At a reception and preview opening for the exhibit June 14, two of the artist's sons - David Fairbanks, a Washington physician, and Jonathan Fairbanks, the Kathrine Lane Weems American Decorative Arts and Sculpture curator at the Boston Art Museum - reflected on their father's life and work."There was a certain grandeur in how he approached life, with gusto and enthusiasm," Jonathan said in describing his father. "I think he was a person who saw the world in larger terms than his art."

David added, "He was a man who kept the faith with his artwork, he kept the faith with his testimony and he kept the faith with his wife and family."

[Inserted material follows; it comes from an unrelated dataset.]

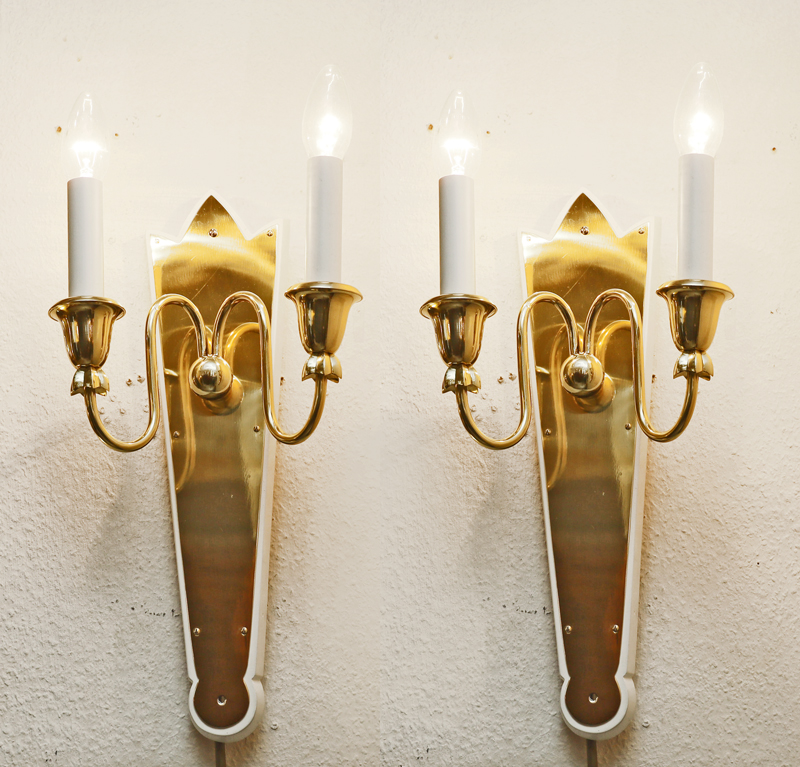 Paar Art Deco Wandlampen  Messing Leuchte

Avard T. Fairbanks created more than 100 public monuments, served on the faculty of five universities, and created many hundreds of art masterpieces during his sculpting career, spanning 80 years.

Featured in the exhibit are sculptures and artists' models of some of his great monuments, selected religious and historical works, portraits, industrial designs and several of his earliest (boyhood) models. A video presentation of the sculptor at work during his lifetime is available for viewing as well.

On a recent trip to Italy, Jonathan discovered the artist's long lost models of two Brigham Young sculptures. The models - "Brigham Young, Colonizer of the West" and "Brigham Young the Missionary" - were restored and brought to Washington, D.C., for the exhibit.

Radiator hood ornaments - the flying lady for the 1931 Plymouth, the ram for the 1932 Dodge, and the Griffin on the 1933 Essex Terra plane - all designed by Fairbanks - are also included in the exhibit. On the preview night, David Fairbanks brought his own copy of the flying lady hood ornament for display (with the 1931 Plymouth attached).